I am building my lab with a full Mikrotik stack. Your videos have been instrumental in my training and understanding the ins and outs of the Mikrotik world. I do wish to give you a very big THANK YOU fo your help an dclear presintation of methods and configurations.
Thank you so much for your kind words! I'm glad the videos have been helpful in your Mikrotik training. Best of luck with your lab, and feel free to reach out if you need any further help! 😊
Great Tutorial!!! Do you always need a bridge created? if the CRS309 is acting as a router, Can I simply use L3HW-offload with IPs on the physical interfaces without using VLANs and without a bridge? Will L3HW-offload work that way?
@@TheNetworkTrip Thanks for the quick reply, with this setup(no bridge) I see all routes with H flag for HW-Offload but the CPU is actually very high. I guess I'll have to change the config to bridge/vlan like you showed on the video.
Hi, Nice example. Can this be enabled on a CCR2216 as a border router against the ISP? Taking into account that this router has active BPG that is published to the internet
I have a crs326. Configured hw offload with single bridge only. I see the "H" in the route list. But when I pass traffic, cpu stay very high (93%). It doesn't seem like HW offload is working. When I look at the vlan under bridge on the interface screen, I see traffic on the vlan instead of physical interface. Any suggestion?

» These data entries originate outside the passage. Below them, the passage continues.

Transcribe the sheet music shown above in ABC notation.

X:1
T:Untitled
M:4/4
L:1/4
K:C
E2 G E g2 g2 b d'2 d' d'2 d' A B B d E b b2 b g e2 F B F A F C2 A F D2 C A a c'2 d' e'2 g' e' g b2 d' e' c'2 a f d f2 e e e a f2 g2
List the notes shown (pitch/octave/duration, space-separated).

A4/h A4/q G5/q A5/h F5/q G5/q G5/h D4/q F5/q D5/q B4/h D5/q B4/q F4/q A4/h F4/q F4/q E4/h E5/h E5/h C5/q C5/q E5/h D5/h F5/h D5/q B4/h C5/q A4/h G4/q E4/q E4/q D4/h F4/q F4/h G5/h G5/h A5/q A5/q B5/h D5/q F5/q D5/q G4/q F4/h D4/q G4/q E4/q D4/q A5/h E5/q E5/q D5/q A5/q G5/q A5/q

Hello! There are some features that can disable hardware offloading, such as having more than one bridge on the device or broadcast traffic to VLANs that have access to the CPU. Make sure that only the management VLAN has access to the CPU. (In this video, I explained how to use these devices as a router; in your case, it would be a switch. You can check my video about VLANs on the CRS3XX here on my channel.)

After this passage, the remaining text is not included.